Data to use Block Start
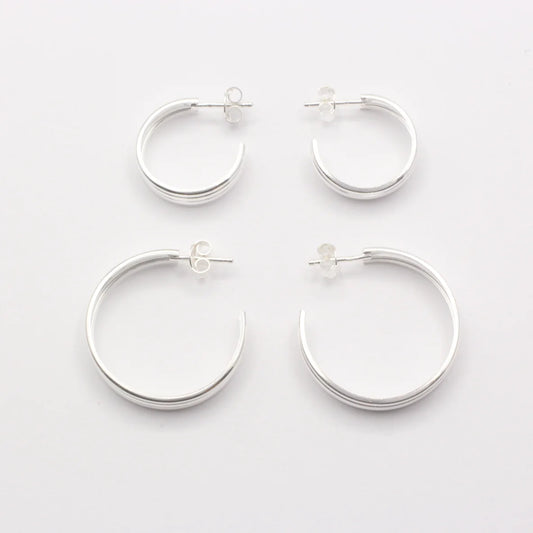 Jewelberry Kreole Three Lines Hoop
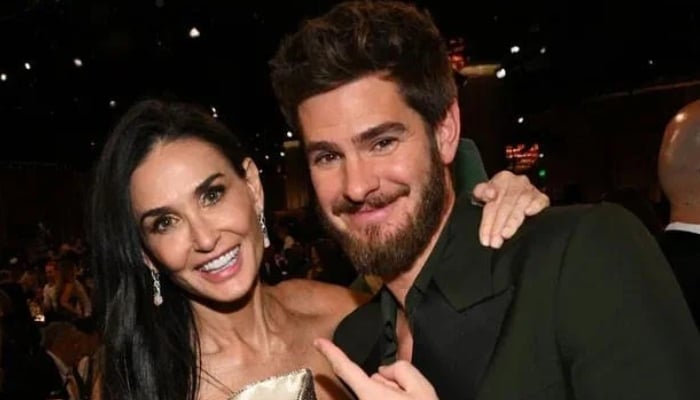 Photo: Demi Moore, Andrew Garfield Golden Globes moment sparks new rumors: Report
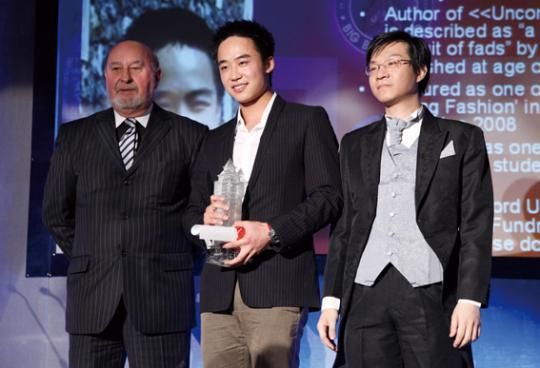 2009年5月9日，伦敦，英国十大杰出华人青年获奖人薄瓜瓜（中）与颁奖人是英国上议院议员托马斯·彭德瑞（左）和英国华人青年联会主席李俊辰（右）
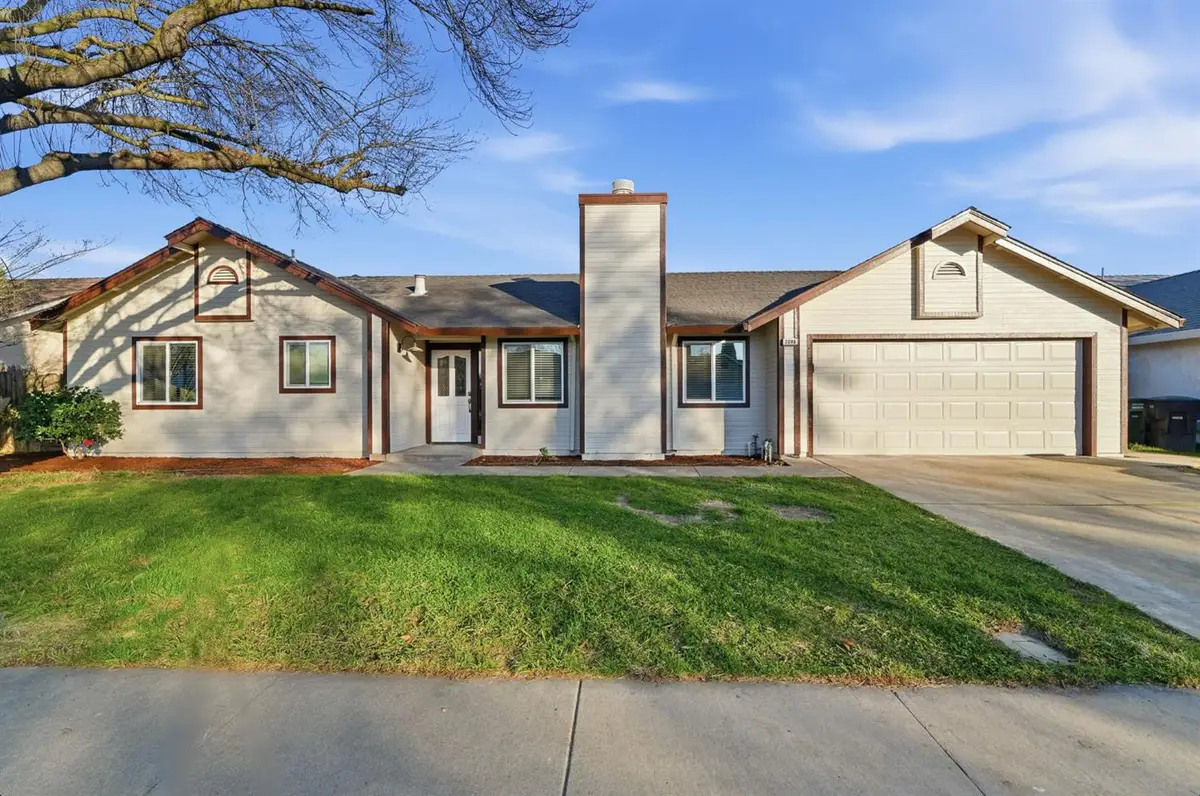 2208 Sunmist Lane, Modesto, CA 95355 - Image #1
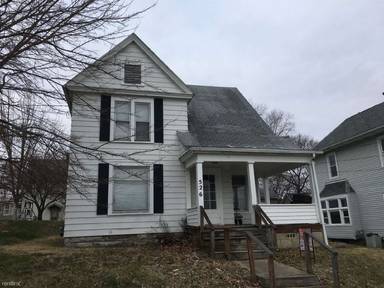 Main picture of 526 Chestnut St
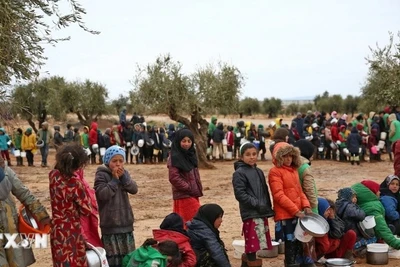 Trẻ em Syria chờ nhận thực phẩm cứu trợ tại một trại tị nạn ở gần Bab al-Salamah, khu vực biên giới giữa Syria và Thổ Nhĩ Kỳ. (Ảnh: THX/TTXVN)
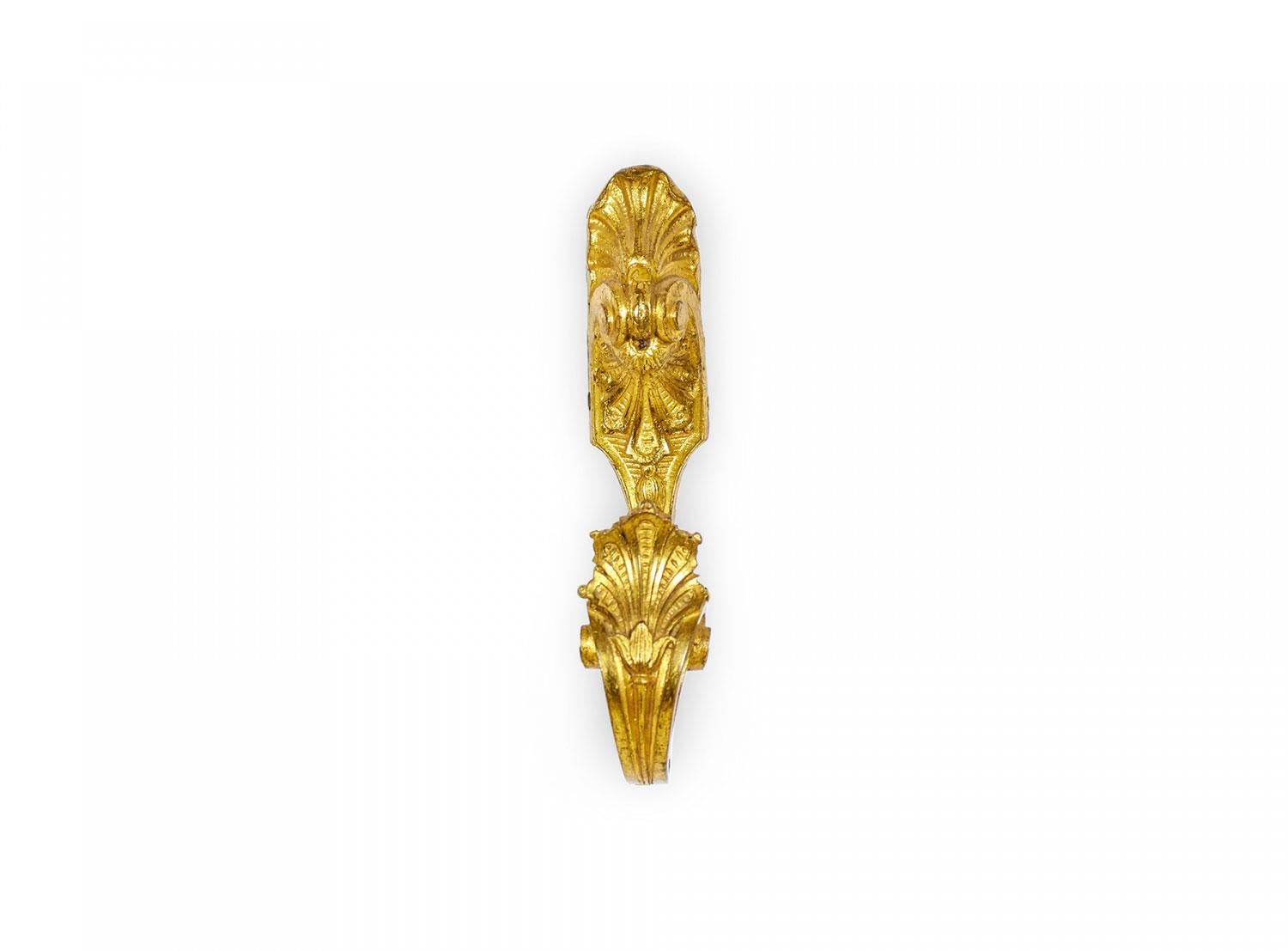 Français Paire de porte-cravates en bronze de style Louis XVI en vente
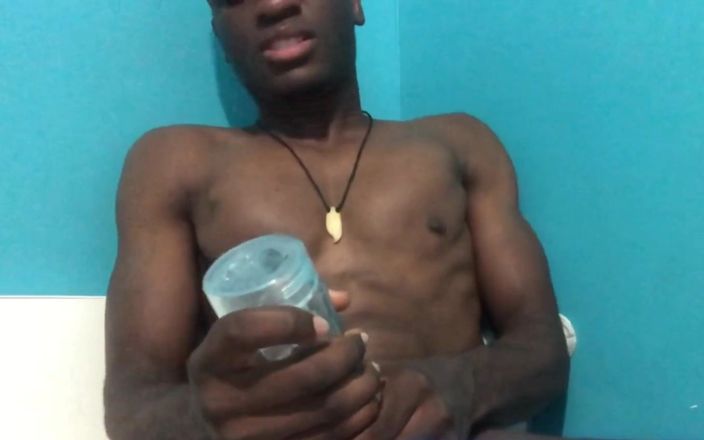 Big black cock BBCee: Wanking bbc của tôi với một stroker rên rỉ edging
Data to use Block End
Exercise requirements
Only one stretch of the entries above is needed: the lines from the one containing "2009年5月9日，伦敦，英" through the one containing "Trẻ em Syria". Copy it exactly, without the pictures.

Answer for this exercise
 2009年5月9日，伦敦，英国十大杰出华人青年获奖人薄瓜瓜（中）与颁奖人是英国上议院议员托马斯·彭德瑞（左）和英国华人青年联会主席李俊辰（右）
 2208 Sunmist Lane, Modesto, CA 95355 - Image #1
 Main picture of 526 Chestnut St
 Trẻ em Syria chờ nhận thực phẩm cứu trợ tại một trại tị nạn ở gần Bab al-Salamah, khu vực biên giới giữa Syria và Thổ Nhĩ Kỳ. (Ảnh: THX/TTXVN)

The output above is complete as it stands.